This thread has been locked.

If you have a related question, please click the "Ask a related question" button in the top right corner. The newly created question will be automatically linked to this question.

Linux Kernel 3.8 Bug "scheduling while atomic" using tun module

Other Parts Discussed in Thread: 4430

Hello,

I am using a Gumstix Duovero which uses the OMAP 4430 processor and I have recently updated to Linux Kernel 3.8.0. I was having a similar problem with kernel 3.6 but the upgrade to 3.8 seemed to make it more stable, although I can create the issue at will.

My application uses the tun kernel module pretty heavily to push data back and forth.

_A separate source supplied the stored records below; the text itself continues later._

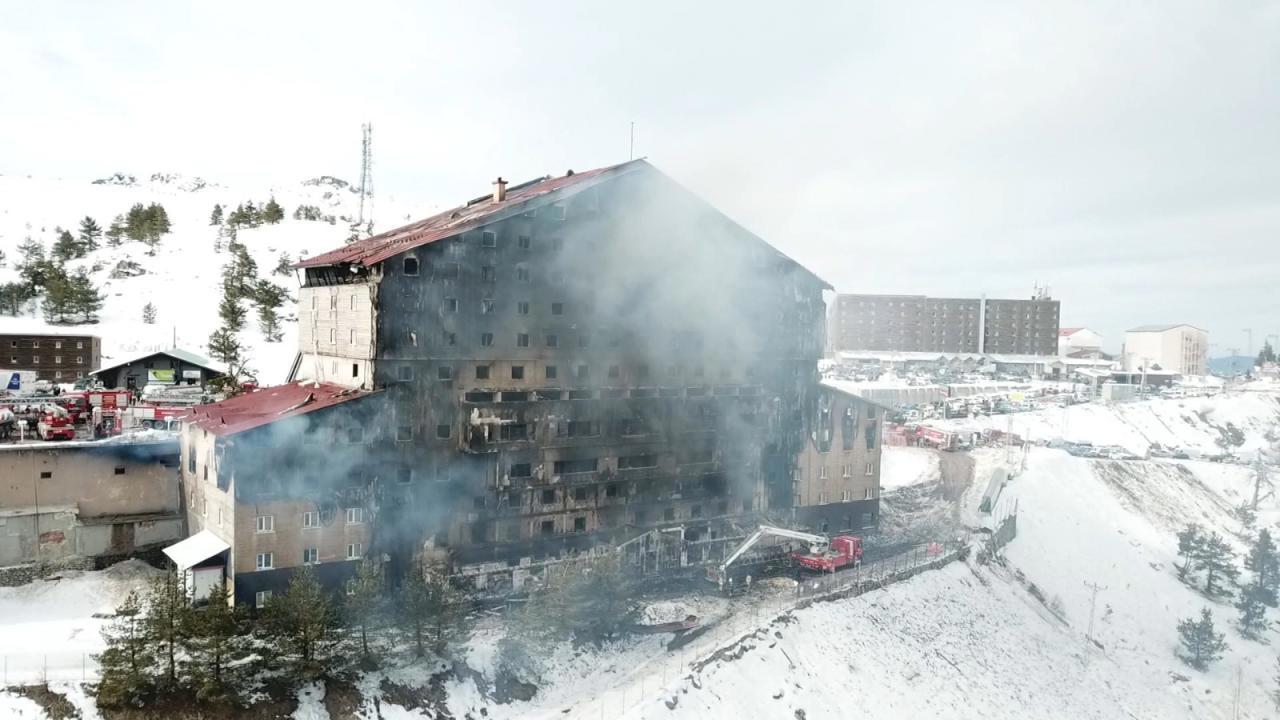 Kıyıdaki otel yangınıyla ilgili 4 kişi gözaltına alındı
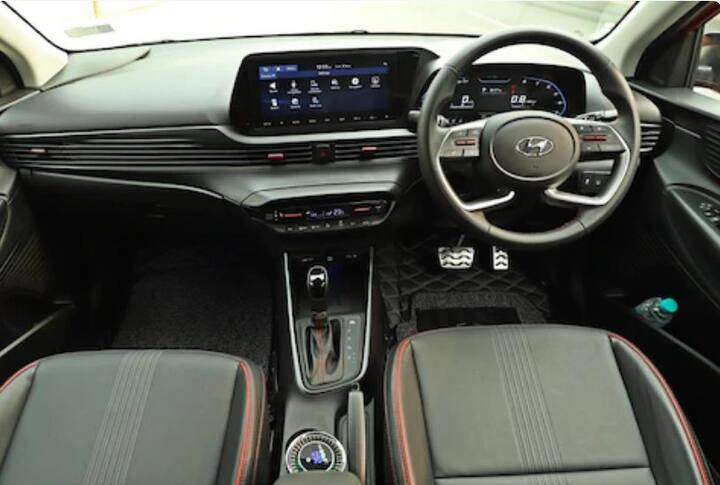 ਪੁਰਾਣੀ ਆਈ 20 ਜਾਂ ਇਸ ਦੀਆਂ ਕੁਝ ਰਾਈਫਲਾਂ ਨਾਲੋਂ ਵਧੇਰੇ ਨਵੀਂ ਕਾਰ ਵਧੇਰੇ ਊਰਜਾਵਾਨ ਹੈ। ਹੈਂਡਲਿੰਗ ਬਿਹਤਰ ਹੈ ਅਤੇ ਇਸੇ ਤਰ੍ਹਾਂ ਸਟੀਰਿੰਗ ਹੈ। ਇਹ ਤੇਜ਼ ਰਫਤਾਰ ਨਾਲ ਘਬਰਾਇਆ ਨਹੀਂ ਅਤੇ ਟਰਬੋ ਸਥਿਰ ਮਹਿਸੂਸ ਹੁੰਦਾ ਹੈ। ਅਧਿਕਾਰਤ ਤੌਰ 'ਤੇ ਟਰਬੋ ਨੂੰ 20kmpl ਦੀ ਸਪੁਰਦਗੀ ਲਈ ਕਿਹਾ ਜਾਂਦਾ ਹੈ, ਪਰ ਅਸਲ ਦੁਨੀਆ ਵਿਚ 12kmpl ਦੀ ਉਮੀਦ ਹੈ। ਅਸੀਂ ਸਟੈਂਡਰਡ 1.2l ਪੈਟਰੋਲ ਵੀ ਦਿੱਤਾ ਹੈ ਕਿਉਂਕਿ ਇਸ ਤੋਂ ਇੱਕ ਫੇਮਸ ਆਪਸ਼ਨ ਹੋਣ ਦੀ ਉਮੀਦ ਕੀਤੀ ਜਾਂਦੀ ਹੈ ਅਤੇ ਇਹ ਕੋਈ ਮਾੜਾ ਇੰਜਣ ਨਹੀਂ ਹੈ, ਜਦੋਂ ਕਿ 83 ਬੀਐਚਪੀ 'ਤੇ ਇਹ ਟਰਬੋ ਸੰਚਾਲਿਤ ਨਹੀਂ ਹੈ। ਇਹ ਸ਼ਹਿਰ ਦੀ ਵਰਤੋਂ ਲਈ ਸਹੀ ਹੈ ਅਤੇ ਕਈ ਵਾਰ ਹਾਈਵੇ 'ਤੇ ਵਾਹਨ ਚਲਾਉਣ ਅਤੇ ਵਰਤਣ ਵਿਚ ਅਸਾਨ ਹੋਣ ਨਾਲ ਹੁੰਦਾ ਹੈ। ਇਸ ਦਾ ਮਾਈਲੇਜ ਟਰਬੋ ਅਸਲ ਵਿੱਚ ਨਾਲੋਂ ਜ਼ਿਆਦਾ ਹੈ।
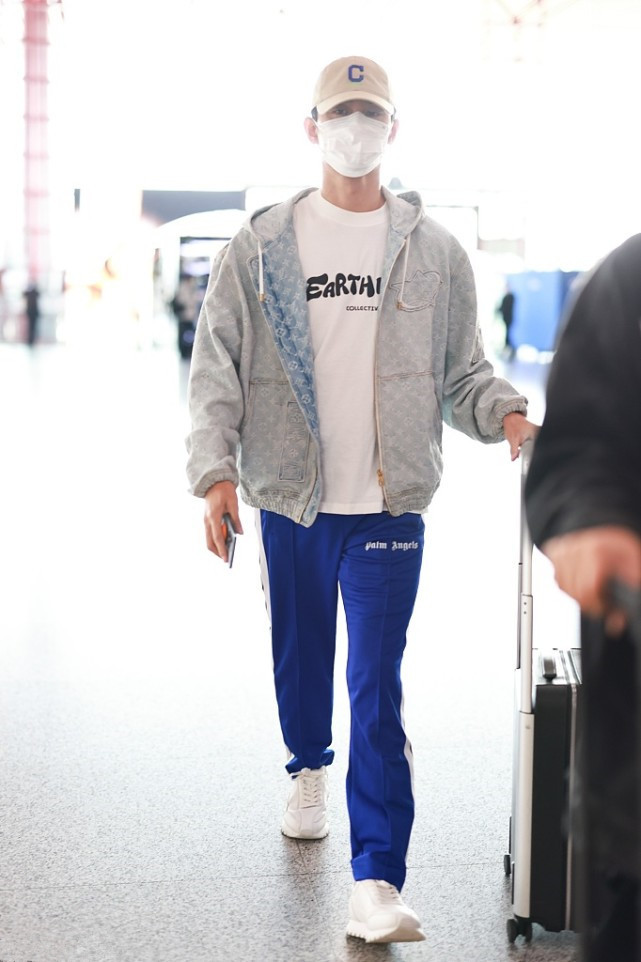 王凯还是小年轻，穿牛仔夹克下搭运动风裤子，少年感都出来了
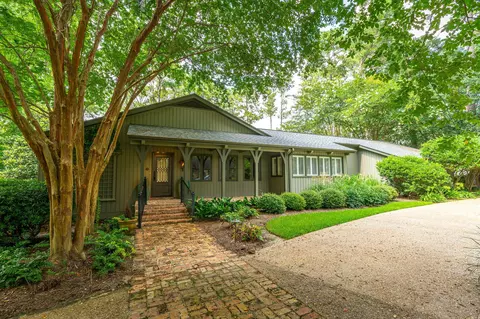 25 Northgate Dr, Laurel, MS 39440 photo 1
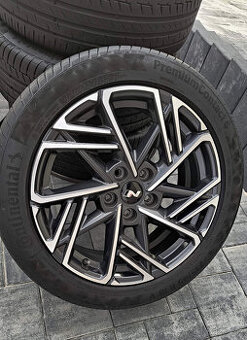 18 originál HYUNDAI KONA N-Line ☀️Continental 235/45R18 TMPS - 1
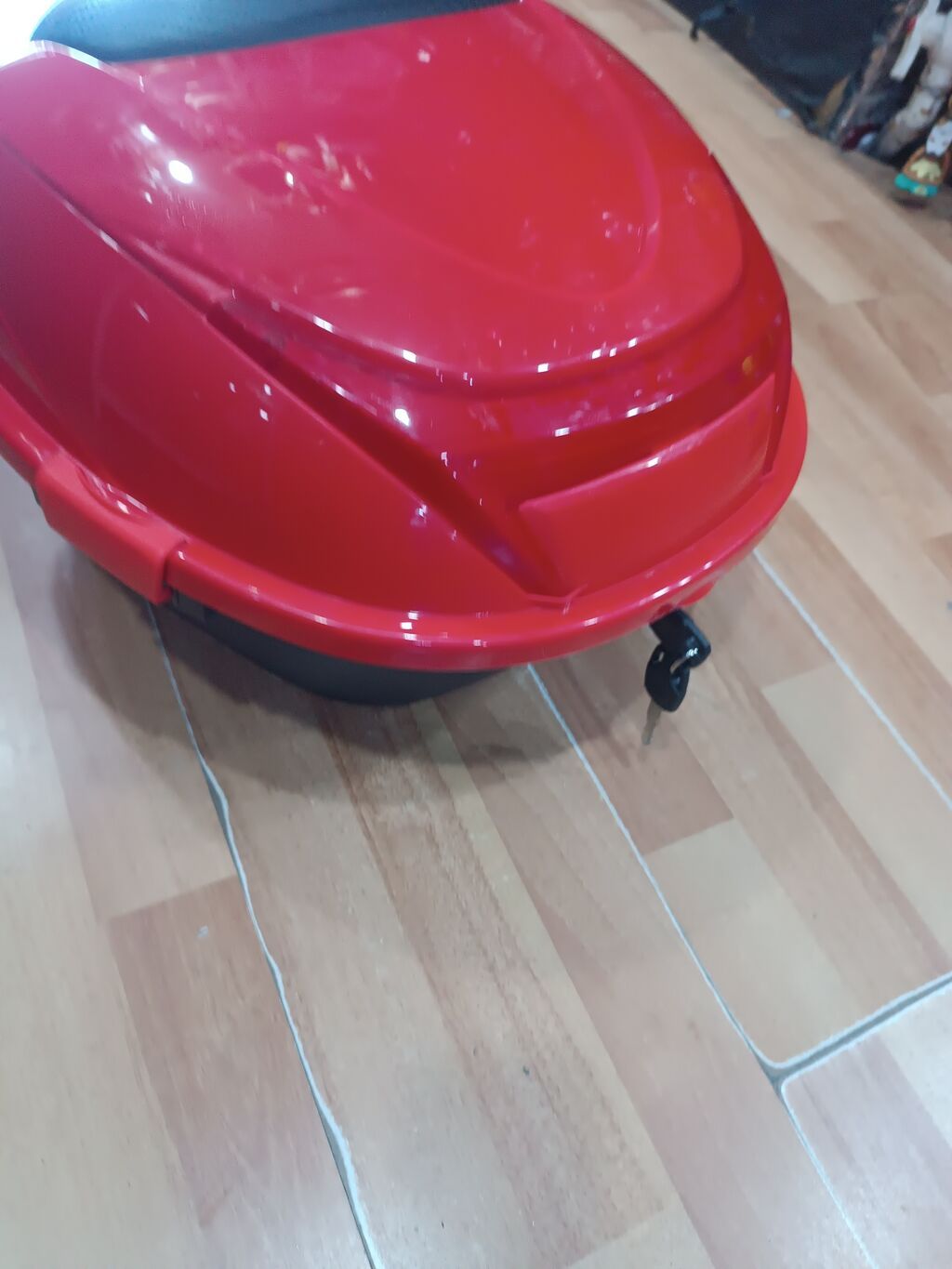 Moped/Motosiklet üçün arxa baqaj qutusu. Ünvan Q Qarayev metrosunun — Kuzov hissələri, Bakı (3)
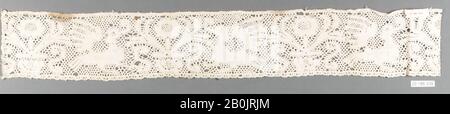 Bordure, italien, Abruzzi, XVIIIe siècle, italien, Abruzzi, dentelle Bobbin, L. 23 x W. 4 3/4 pouces (58,4 x 12,1 cm), textiles-lacets Banque D'Images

It appears to be stable until I attempt to play a video on the system which causes it to lock up and the syslog keeps dumping out:

BUG: scheduling while atomic: swapper
Modules linked in: tun ipv6 (and one more that I can't seem to remember off hand)

Followed by a stack trace. The trace isn't very helpful as it is only 3 items deep with two of them being schedule_bug and schedule and the third being an unknown reference. I will post the full trace later today as I don't currently have it available.

Do any of you have any tips on debugging an issue like this? I haven't started enabling any of the kernel debugging features but that is the next step. You will have to forgive me as I am relatively new at this.  I can also post my board file and any other modifications that I have made to the 3.8 kernel to fix bugs I was seeing if you think it will be helpful.  

  • Here what prints out on the syslog:

    BUG: scheduling while atomic: swapper/1/0/0xffff0000
    Modules linked in: tun libcomposite ipv6
    [<c0014e4c>] (unwind_backtrace+0x0/0x11c) from [<c03a0720>] (__schedule_bug+0x48/0x5c)
    [<c03a0720>] (__schedule_bug+0x48/0x5c) from [<c03a536c>] (__schedule+0x68/0x6e0)
    [<c03a536c>] (__schedule+0x68/0x6e0) from [<c000ef08>] (cpu_idle+0xe4/0xfc)
    [<c000ef08>] (cpu_idle+0xe4/0xfc) from [<8039bea8>] (0x8039bea8)

  • I found a kernel config parameter called CONFIG_DEBUG_ATOMIC_SLEEP which is used to debug sleeping while atomic operations which I thought would be incredibly useful but it actually masks the error. Now when it happens the network device goes down and loses its IP address. An ifdown and ifup seems to put it back in a good state where i can work again but I would rather not have the error happen in the first place. 

    I used ethtool and it indicates that there is no link detected after the failure occurs. I can provide further information if needed. Also, if you know of a better place to address this issue, please let me know.

  • Interestingly enough I have found out a bit more about this issue and we can take the tun module out of it completely. I can recreate the problem at will by typing the following command:

    ping -s 1400 -f [someknownipaddress]

    The flood test option of ping seems to take it down in under 5 minutes. I still have no idea where to go from here but at least I have made the recreation of the problem much simpler.

  • Hi Alex.

    The scheduling while atomic bug indicates that a routine is attempting to acquire a resource that isn't available and the OS is therefore calling schedule().  And that routine is something that should never call schedule, such as an interrupt handler.

    When the stack dump shows the modules that are linked in, it means all the ones inserted on the machine, not just the ones involved in the stack leading to the problem.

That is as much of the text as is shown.